| Source data |
»»
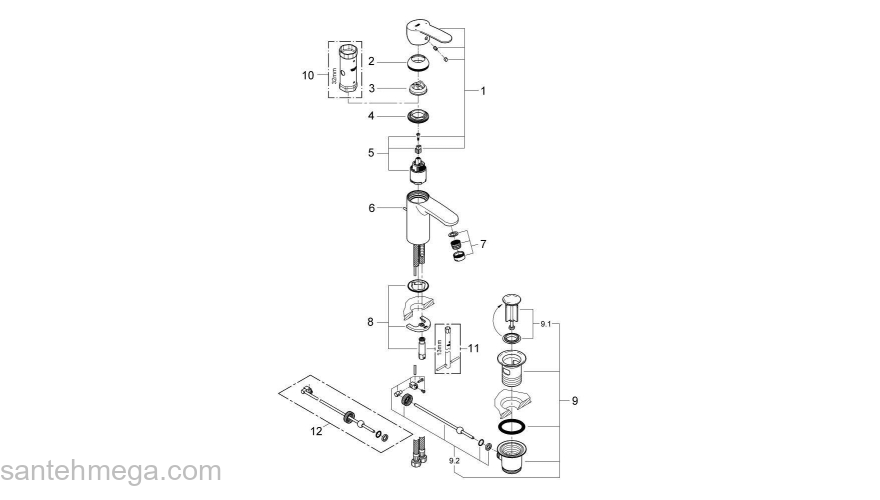 Смеситель для раковины Grohe Eurostyle Cosmopolitan 3355220E. Фото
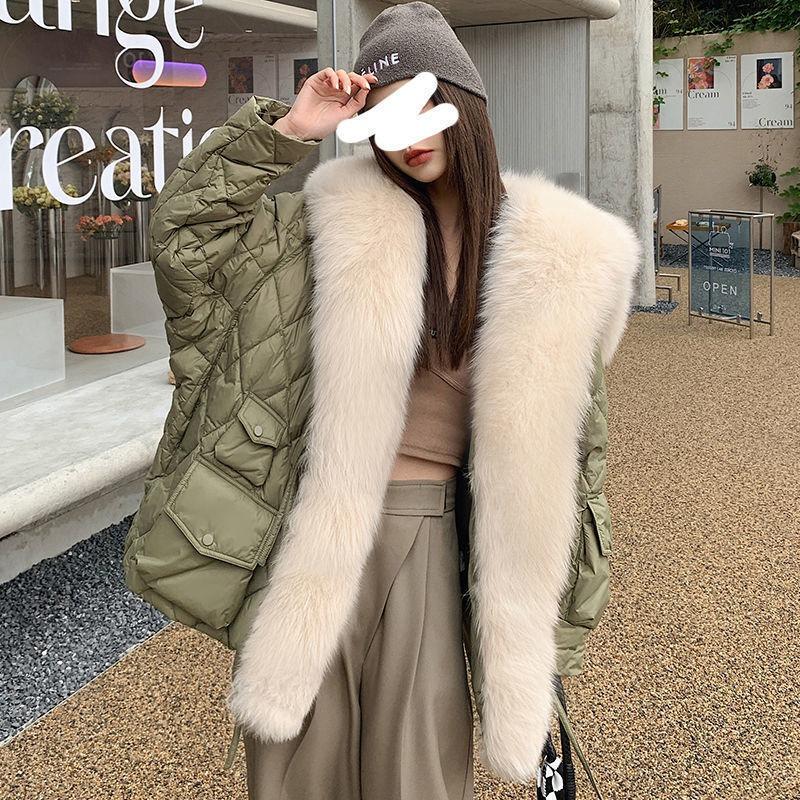 

Тоскана зима новая имитация лисьего меха воротник пуховик хлопковая одежда имитация меха куртка теплая средней длины XL армия зеленый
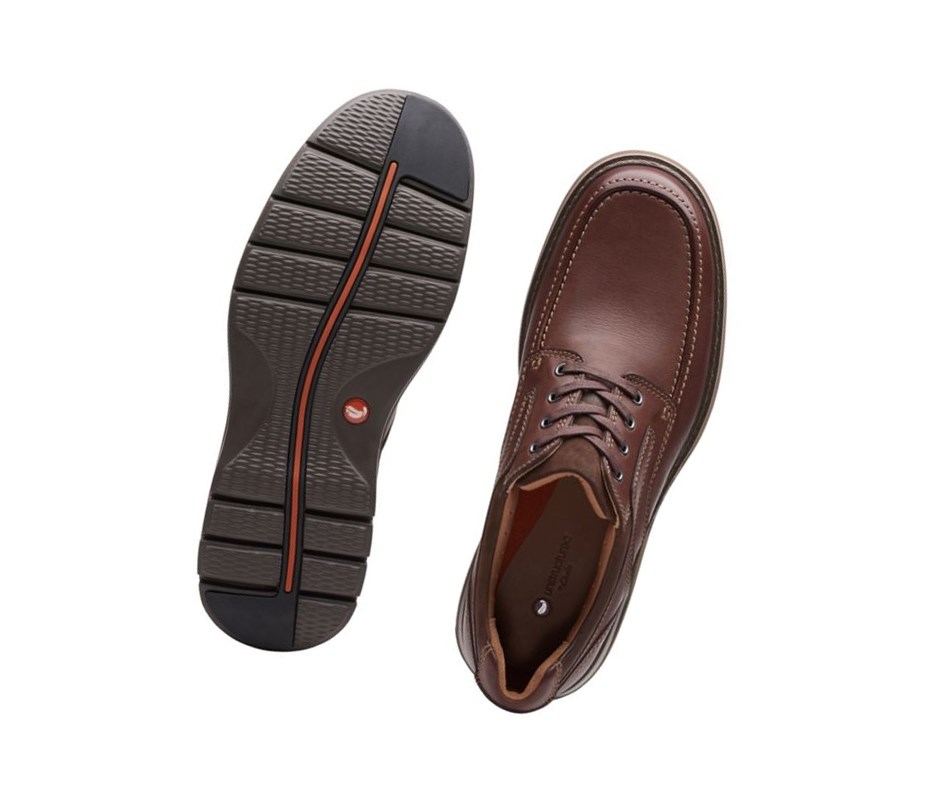 Clarks Un Ramble Spitze Leder Weite Fit Lederschuhe Herren Tiefesbraun | GDXS71280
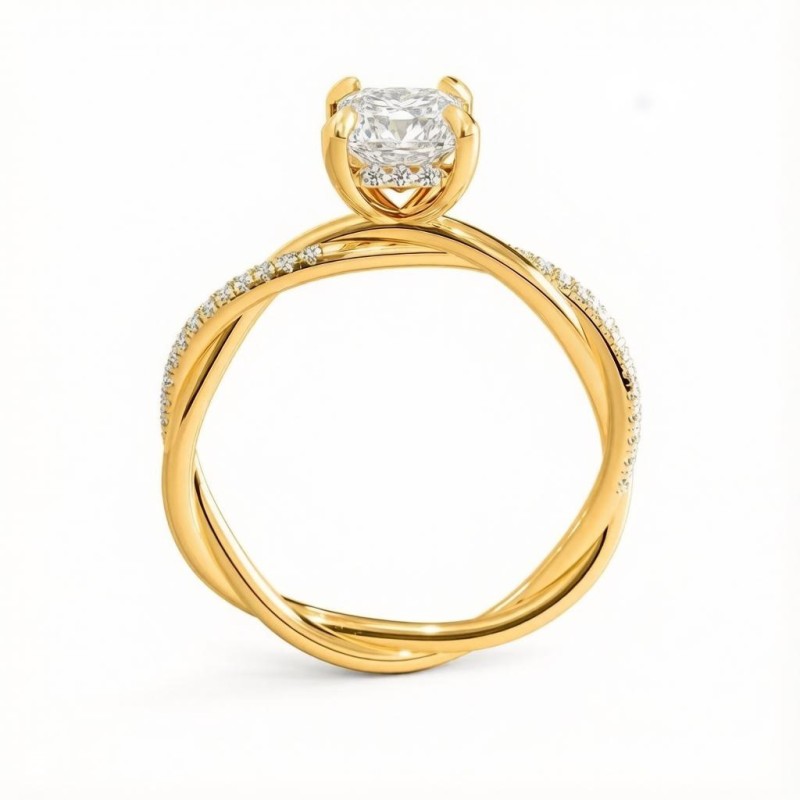 Emerald Cut Moissanite Hidden Halo Twisted Pave Engagement Ring  - Image 4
««
| Task directions |
Everything in the listing above must be restated word for word, except the images.

| Result of the exercise |
 Смеситель для раковины Grohe Eurostyle Cosmopolitan 3355220E. Фото

Тоскана зима новая имитация лисьего меха воротник пуховик хлопковая одежда имитация меха куртка теплая средней длины XL армия зеленый
 Clarks Un Ramble Spitze Leder Weite Fit Lederschuhe Herren Tiefesbraun | GDXS71280
 Emerald Cut Moissanite Hidden Halo Twisted Pave Engagement Ring  - Image 4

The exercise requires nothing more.